== Segment start ==

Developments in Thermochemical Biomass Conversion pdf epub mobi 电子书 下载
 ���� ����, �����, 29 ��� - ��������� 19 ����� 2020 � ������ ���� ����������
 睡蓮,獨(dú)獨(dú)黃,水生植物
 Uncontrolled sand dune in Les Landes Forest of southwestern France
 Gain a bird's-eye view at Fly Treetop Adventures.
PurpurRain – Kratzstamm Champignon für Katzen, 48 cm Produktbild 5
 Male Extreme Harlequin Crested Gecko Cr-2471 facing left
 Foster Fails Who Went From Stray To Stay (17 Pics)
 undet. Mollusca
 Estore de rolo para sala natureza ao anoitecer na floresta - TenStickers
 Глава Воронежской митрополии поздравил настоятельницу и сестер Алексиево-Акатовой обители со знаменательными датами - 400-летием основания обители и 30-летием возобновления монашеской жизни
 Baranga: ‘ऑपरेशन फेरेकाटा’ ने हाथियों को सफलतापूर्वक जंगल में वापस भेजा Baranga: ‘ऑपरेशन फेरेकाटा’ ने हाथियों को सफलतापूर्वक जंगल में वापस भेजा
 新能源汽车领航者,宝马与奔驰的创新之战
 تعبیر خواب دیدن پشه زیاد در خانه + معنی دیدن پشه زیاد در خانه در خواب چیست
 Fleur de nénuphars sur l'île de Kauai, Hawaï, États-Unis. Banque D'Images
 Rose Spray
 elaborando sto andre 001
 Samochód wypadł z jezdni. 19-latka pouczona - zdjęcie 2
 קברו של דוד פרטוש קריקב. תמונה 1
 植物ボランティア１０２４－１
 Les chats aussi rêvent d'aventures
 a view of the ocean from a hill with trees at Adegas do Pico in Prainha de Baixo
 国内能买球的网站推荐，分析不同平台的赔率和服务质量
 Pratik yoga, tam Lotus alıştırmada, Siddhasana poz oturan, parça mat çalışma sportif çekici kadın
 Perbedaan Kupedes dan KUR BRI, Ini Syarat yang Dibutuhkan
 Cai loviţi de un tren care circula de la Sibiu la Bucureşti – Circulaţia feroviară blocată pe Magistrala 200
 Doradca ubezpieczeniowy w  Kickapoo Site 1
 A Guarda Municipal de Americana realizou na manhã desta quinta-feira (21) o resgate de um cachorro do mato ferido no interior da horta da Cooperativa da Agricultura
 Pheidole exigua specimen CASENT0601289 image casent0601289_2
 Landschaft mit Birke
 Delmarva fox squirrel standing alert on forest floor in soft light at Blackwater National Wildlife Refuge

== Segment end ==

• **TASK TO COMPLETE**
Please set down again, word for word, only the lines from the start of the entries through the line with "新能源汽车领航者,宝马与奔驰的创新之战", both ends included.

• **SOLUTION BELOW**
Developments in Thermochemical Biomass Conversion pdf epub mobi 电子书 下载
 ���� ����, �����, 29 ��� - ��������� 19 ����� 2020 � ������ ���� ����������
 睡蓮,獨(dú)獨(dú)黃,水生植物
 Uncontrolled sand dune in Les Landes Forest of southwestern France
 Gain a bird's-eye view at Fly Treetop Adventures.
PurpurRain – Kratzstamm Champignon für Katzen, 48 cm Produktbild 5
 Male Extreme Harlequin Crested Gecko Cr-2471 facing left
 Foster Fails Who Went From Stray To Stay (17 Pics)
 undet. Mollusca
 Estore de rolo para sala natureza ao anoitecer na floresta - TenStickers
 Глава Воронежской митрополии поздравил настоятельницу и сестер Алексиево-Акатовой обители со знаменательными датами - 400-летием основания обители и 30-летием возобновления монашеской жизни
 Baranga: ‘ऑपरेशन फेरेकाटा’ ने हाथियों को सफलतापूर्वक जंगल में वापस भेजा Baranga: ‘ऑपरेशन फेरेकाटा’ ने हाथियों को सफलतापूर्वक जंगल में वापस भेजा
 新能源汽车领航者,宝马与奔驰的创新之战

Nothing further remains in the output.